Crow Reintroduces Legislation to Give Gun Victims Their Day in Court

April 22, 2021
Press Release
Legislation Would Repeal Liability Shield Protecting Gun Sellers and Manufacturers; Parents of Aurora Theater Shooting Victim Went Bankrupt After Trying to Sue the Gun Dealer

WASHINGTON - Today, Reps. Jason Crow (CO-06), Adam Schiff (CA-28), and Dwight Evans (PA-03) alongside Sen. Richard Blumenthal (D-CT), reintroduced the Equal Access to Justice for Victims of Gun Violence Act to ensure that the gun industry – including manufacturers, sellers and interest groups – can be held accountable when it acts with negligence and disregard for public safety. The bill would repeal the Protection of Lawful Commerce in Arms Act (PLCAA), allowing victims of gun violence to pursue justice in court.

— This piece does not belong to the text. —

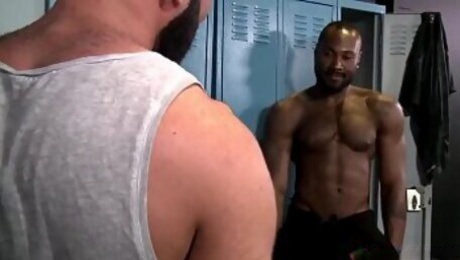 - Big Black Gay Dick Anal Destroy White Ass After Training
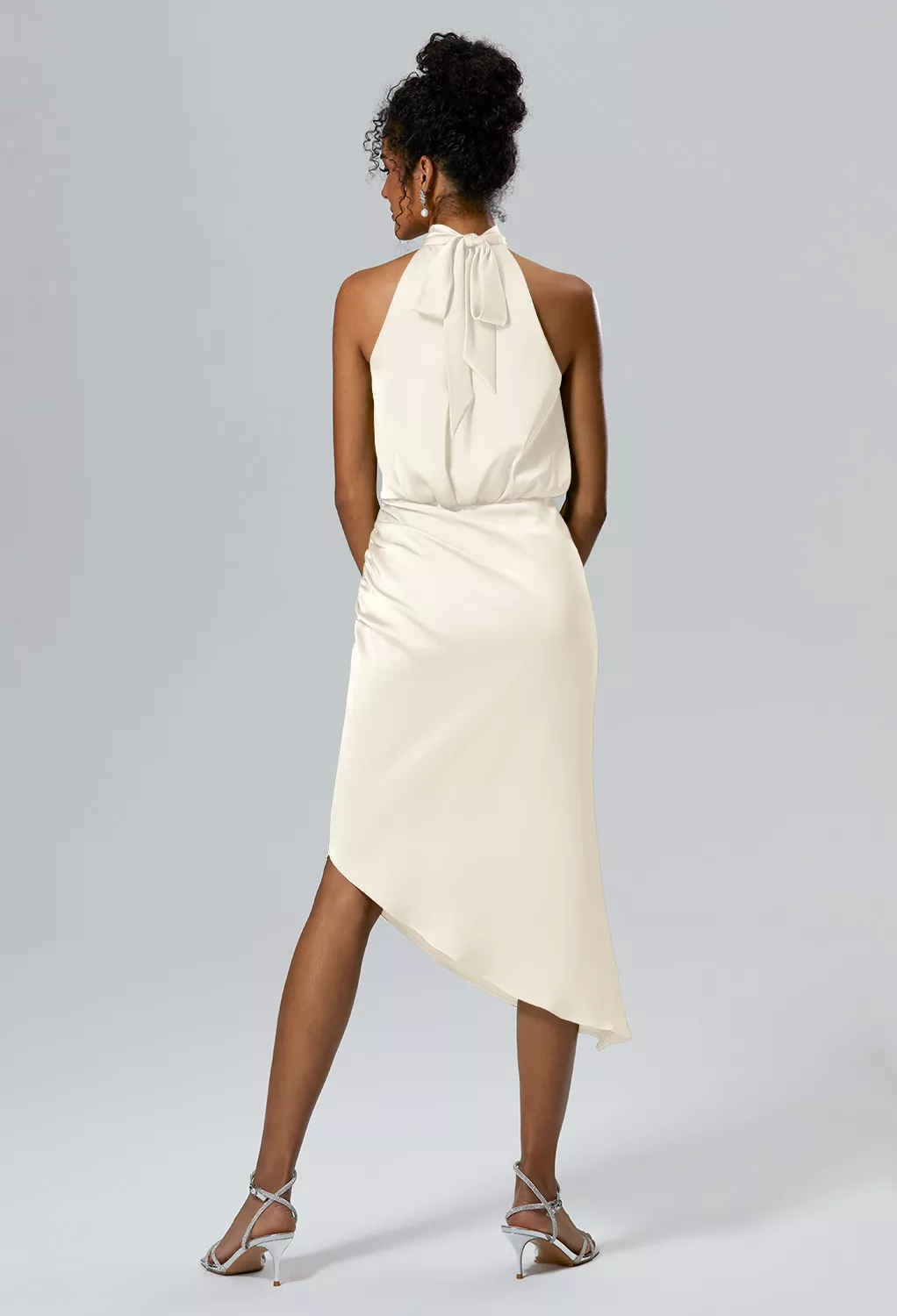 Ivory Cocktail Wedding Guest Dresses | AW.Bridal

“Our nation is suffering from a gun violence epidemic and yet gun manufacturers are shielded from liability.  This is wrong and it has to end.  When Congress passed PLCAA in 2005, they removed any incentive for gun manufacturers to make their products safer, putting private profit ahead of public safety,” said Congressman Jason Crow. “We saw families go bankrupt in our community after the Aurora Theater shooting because they tried to hold bad actors accountable. The Equal Access to Justice for Victims of Gun Violence Act creates a level playing field so survivors can have their day in court.”

“2021 is shaping up to be the deadliest year on record for gun violence, with thousands of Americans injured or killed by firearms this year alone. We must not resign ourselves to a return of this tragic new “normal” as the pandemic eases in parts of the country. We need to demand more of government and the private sector, including the manufacturers and dealers of firearms. If any other industry’s product enabled such violence and tragedy, they’d rightfully face accountability, and the gun industry should be no different,” said Rep. Adam Schiff. “We cannot prevent every mass shooting with one single measure, but ensuring that the gun industry can be held accountable when it negligently sells weapons to criminals or any who are barred from purchase, and that gun violence victims get their day in court, is a critical piece of a comprehensive approach. And with President Biden’s support, I’m hopeful we can finally get it over the finish line.”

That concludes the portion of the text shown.